Idaho ends net metering, shifts instead to net-billing system for solar compensation



The Idaho Public Utilities Commission (PUC) approved on Dec. 29, 2023, a shift to a net-billing system instead of compensation based on a kilowatt-hour-for-kilowatt-hour basis for solar system owners. The vote came after years of public, expert and environmental community pushback and is an approval of Idaho Power’s own internally determined rate calculation. The Sierra Club estimates that the new compensation rate will be 5.96-cents/kWh (down from the already low 8.8-cents/kWh).

An install in Idaho by EGT Solar.

The Dec. 29 approval of the rooftop solar credit system will make the cost of new solar panels unreachable for most Idahoans, potentially crushing local rooftop solar businesses in favor of corporate solar ownership.

“The commissioners are saying the voices and expertise of thousands of Idahoans and small businesses are not as important as the voice of the state’s largest monopoly utility,” said Alex McKinley, Owner of Empowered Solar. “Rooftop solar is an extremely popular and effective way of combating the climate crisis, stabilizing power bills, and putting power back in the hands of everyday people and Idaho Power wants to minimize it.”

The new rooftop solar rate structure took effect on Jan. 1. The net billing structure will use time-adjusted rates calculated on an annual basis by Idaho Power. The expected change in rates should be close to Idaho Power’s original proposal of an average annual export credit rate of 5.96-cents/kWh.

During recent PUC public hearings, not one person testified in favor of the proposal. Idaho Power proposed cutting solar rates based on an internally produced “Value of Distributed Energy Resources Study.” Sierra Club and other environmental groups hired an independent analyst that concluded Idaho Power was severely undervaluing rooftop solar’s value by using selective data.
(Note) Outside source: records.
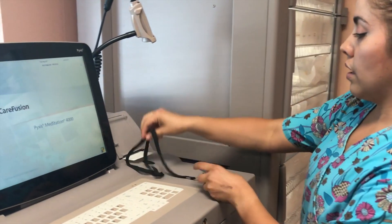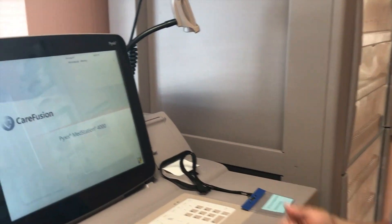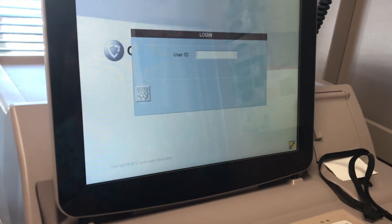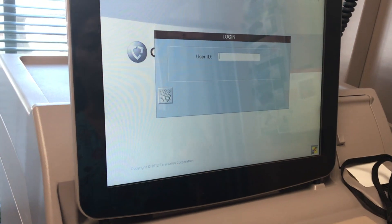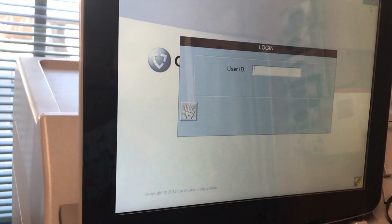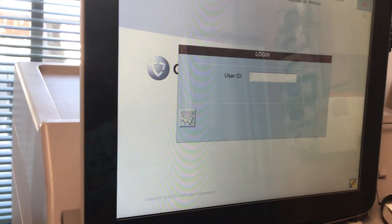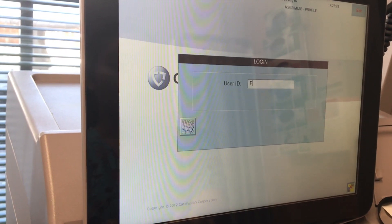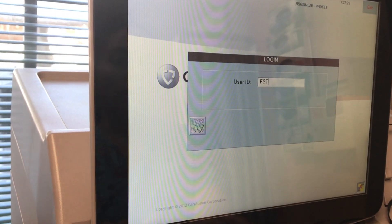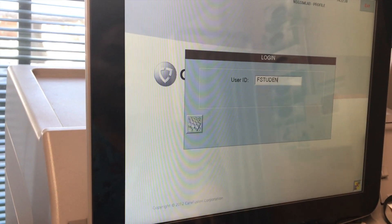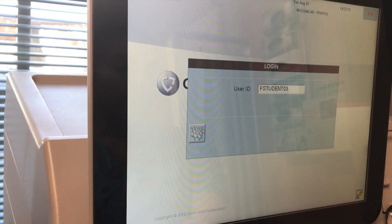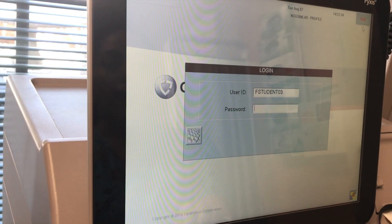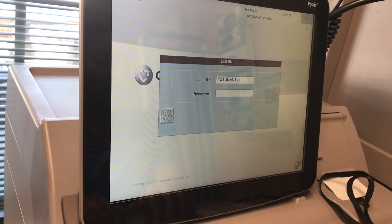So I will be choosing the appropriate medication and withdrawing that from the MedStation Pixis. Using my username and password assigned to me, I will now sign into the MedStation Pixis. I press enter. The MedStation machine allows me to put in my username — this one is Fstudent03. Press enter. It asks me to type in my password.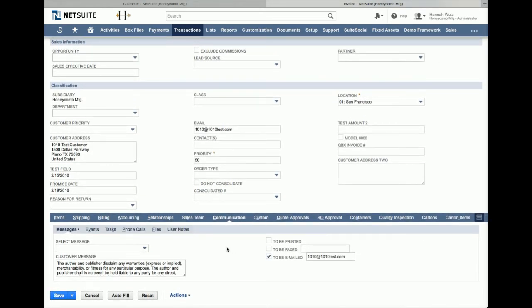Typically, a transaction will only be sent to one email address at a time and the to be emailed field will be auto populated with the email from the company record, not from the contacts. But when you click save, the contact emails will be populated and the invoice will be sent.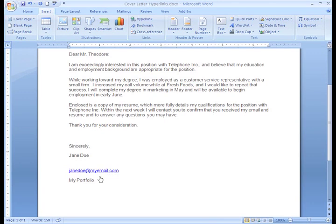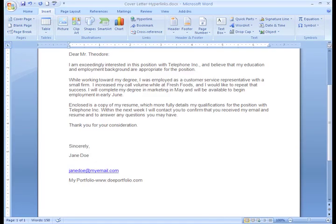Since the text 'My Portfolio' displays instead of the actual web address, you will have to type the web address for My Portfolio, and the recipient will have to type this address in their web browser. Remember to always double-check the web address you insert for your hyperlink — you wouldn't want to hyperlink to the wrong website.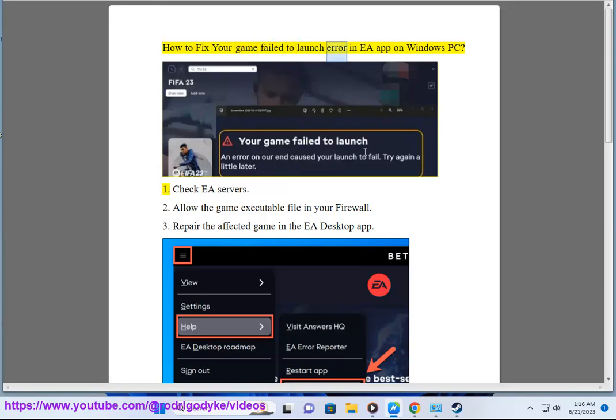How to fix your game failed to launch error in EA app on Windows PC. 1. Check EA servers.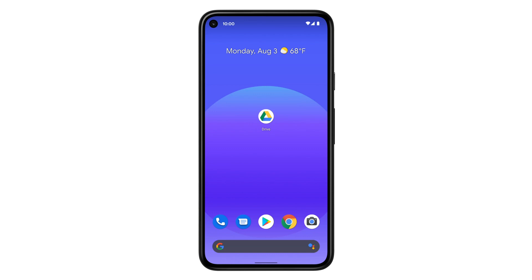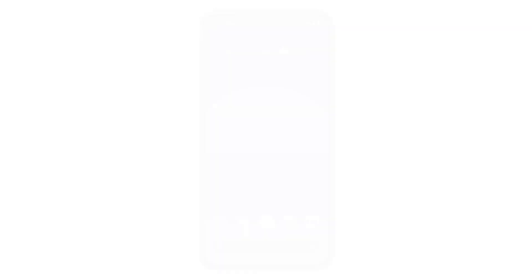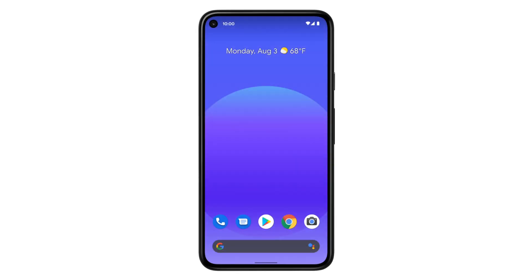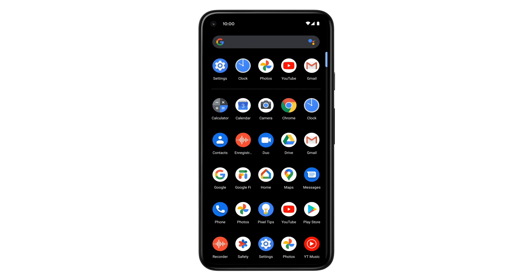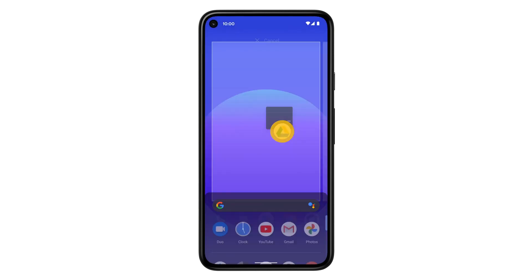For example, if you use Google Drive every day, you might want to put it on your home screen. To add an app like Google Drive to your home screen, swipe up to find all your apps. Touch and hold the Google Drive icon and drag it up towards the middle of the screen.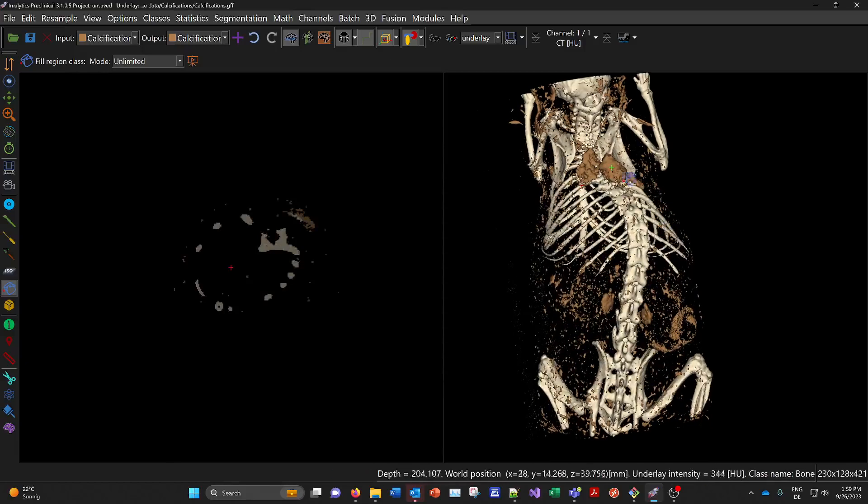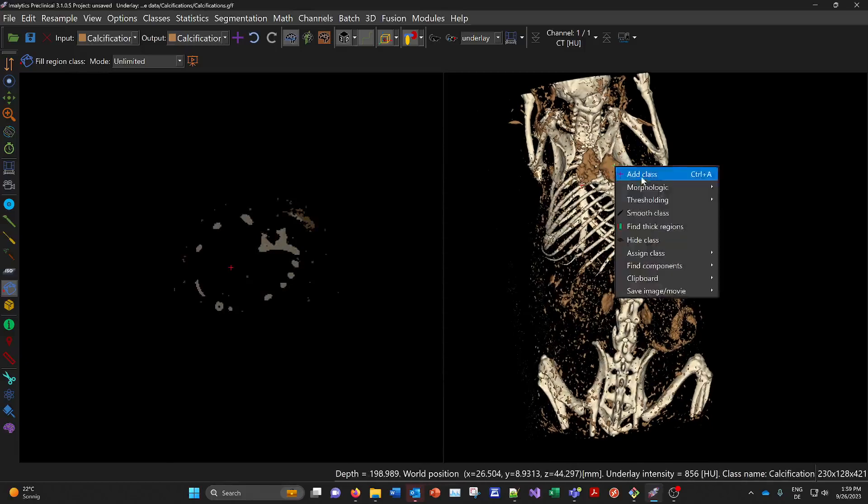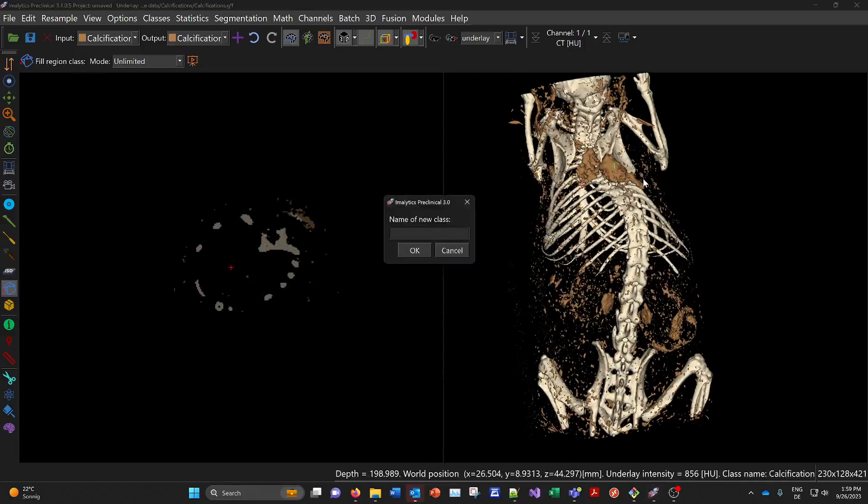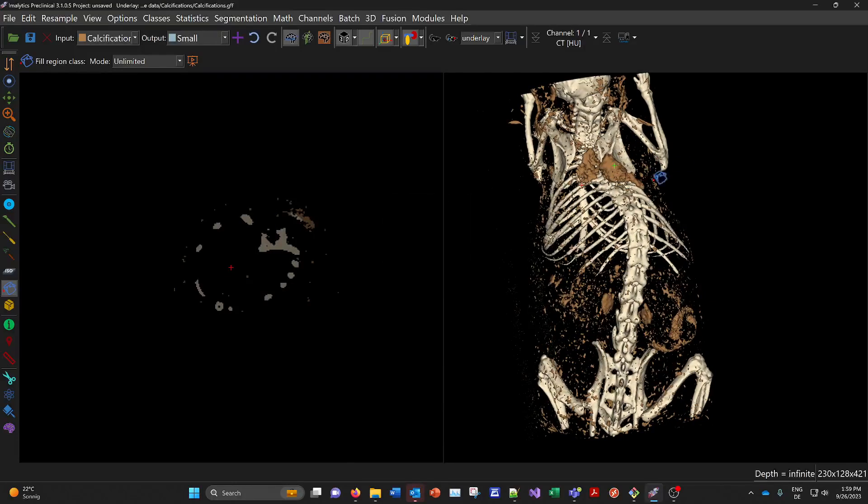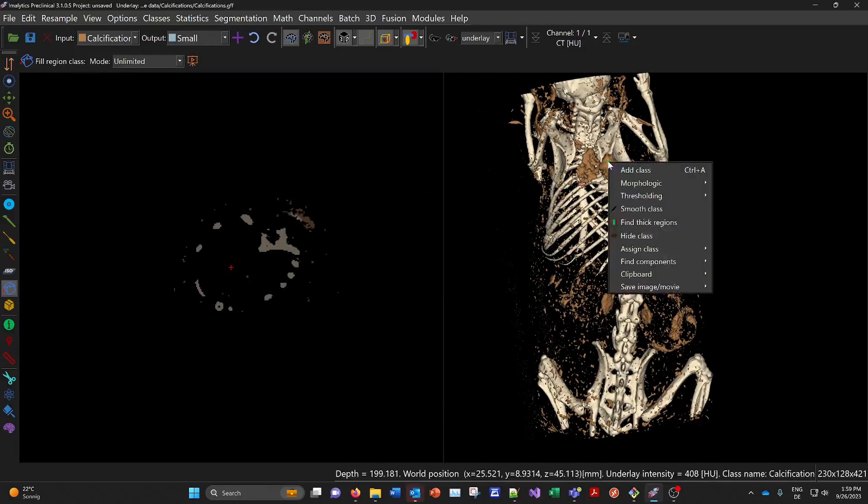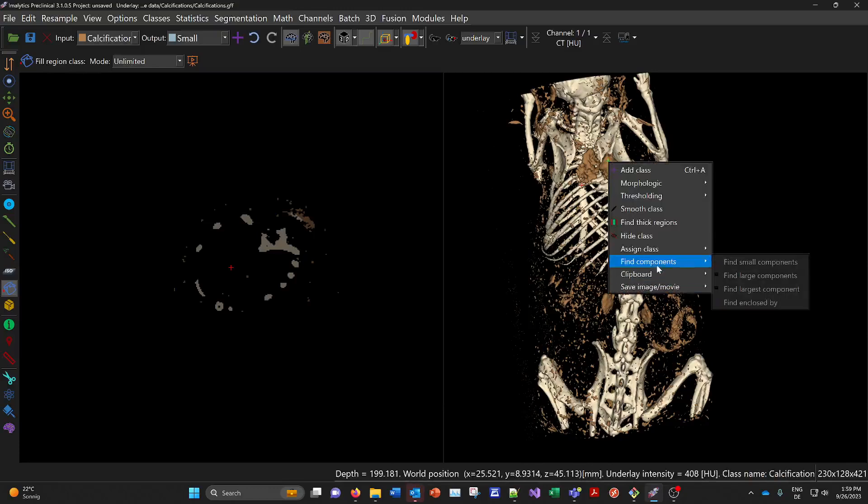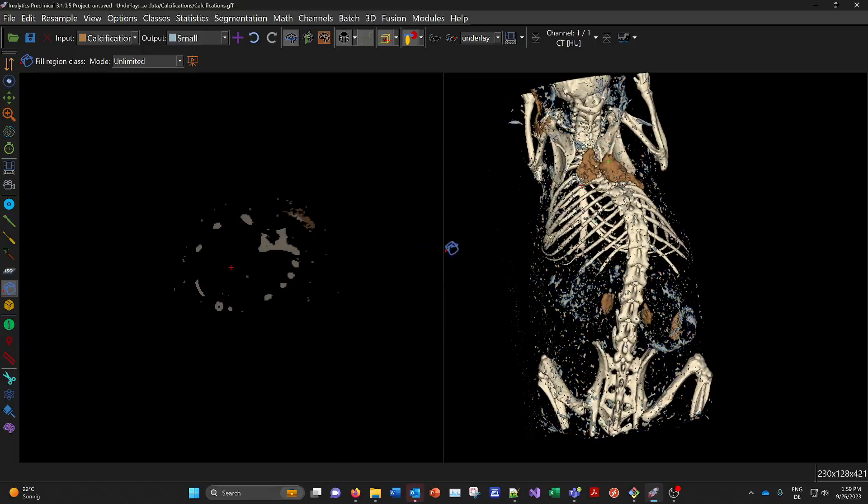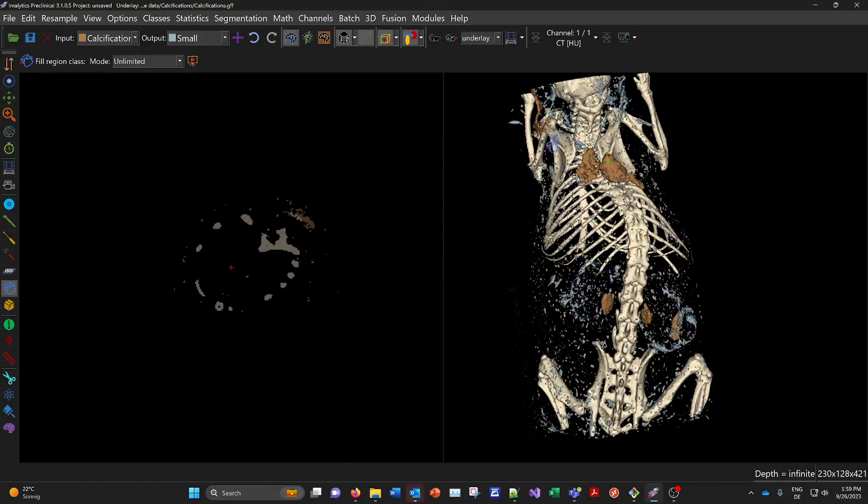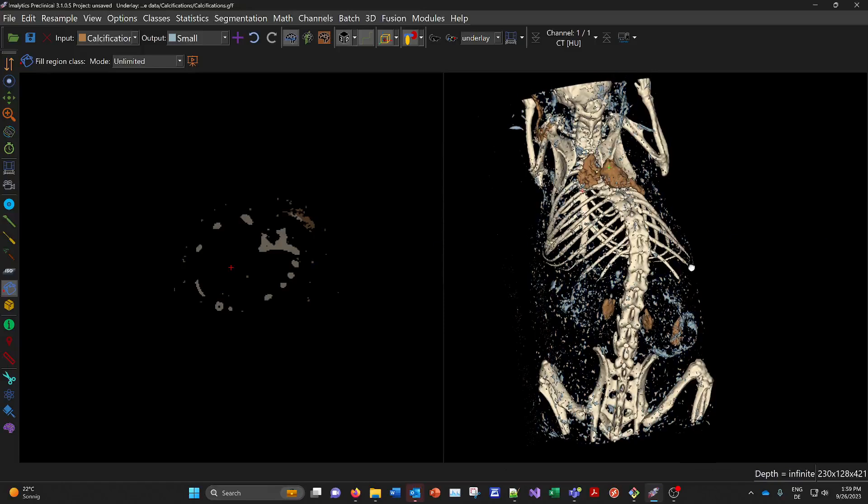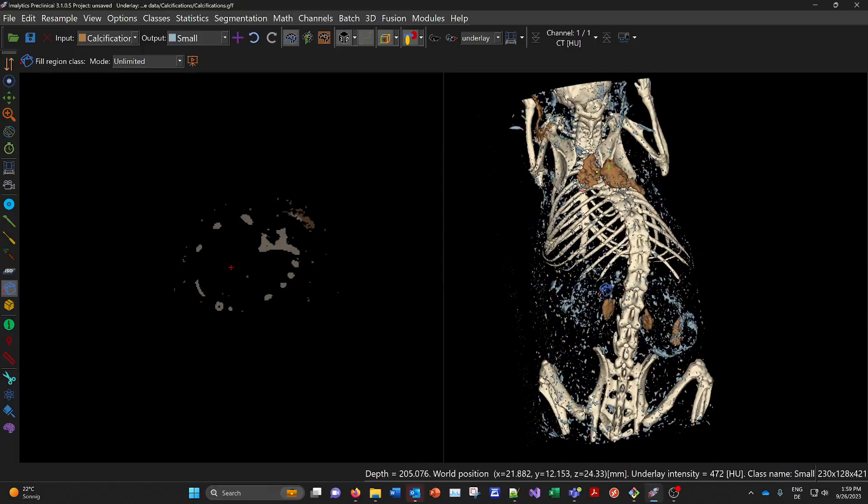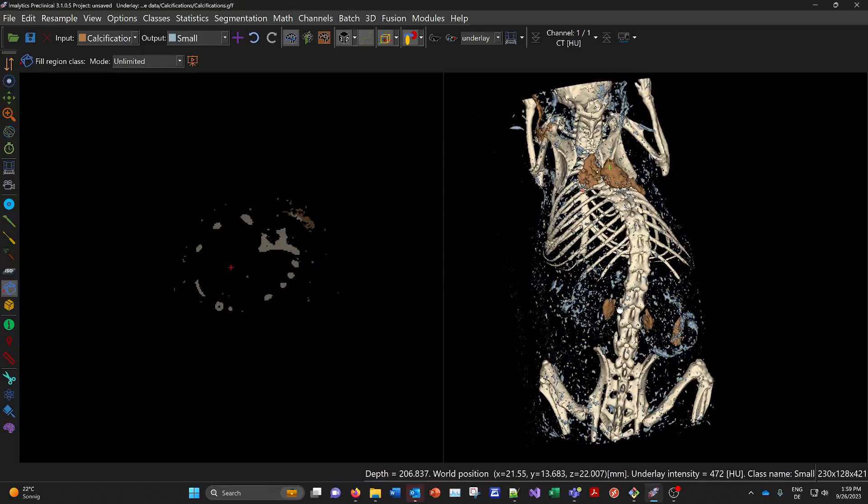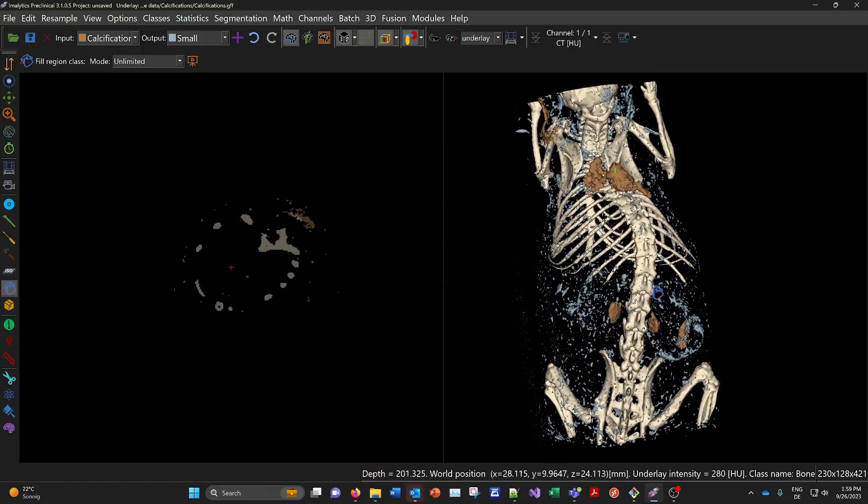And you can also use another tool. Like you could make the small guys. Make the class small. And classify them by size. For example here with find components. Find small components. Everything under maybe five cubic millimeters. Assign them to another class. And then this way you can kind of categorize your calcifications.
“The Idaho PUC decision to approve Idaho Power’s solar compensation proposal is very disappointing,” said Mike Engle, Chair at Portneuf Resource Council. “The proposal willfully misleads the public on the value of rooftop solar to Idaho Power, ignores the huge environmental advantages of distributed clean energy and is likely to kill Idaho’s solar industry and the good paying jobs it brings to our state.”

“The decision is a slap in the face to progress, environmental stewardship, and the wallets of our most vulnerable citizens. The PUC chose Idaho Power’s profits over Idaho’s sustainable future and equitable access to clean, renewable energy,” said Leigh Ford, Executive Director of Snake River Alliance. “This isn’t just an attack on local solar businesses; it’s an attack on Idahoans’ right to create our own power.”

On Dec. 28, the PUC also approved a rate increase for Idaho Power customers, partially through increasing the monthly fixed fee called the “service charge.” Idaho Power will double the fixed service charge on all residential customer bills from $5 to $10 in 2024 and then to $15 in 2025, with future additional increases expected. Small commercial customers will see their fee increase from $5 to $25 this year.

Studies show fixed charges are harmful to low-use energy customers — low-income families, rooftop solar owners, and energy conscious households — and disincentivizes energy efficiency, something Idaho Power typically promotes.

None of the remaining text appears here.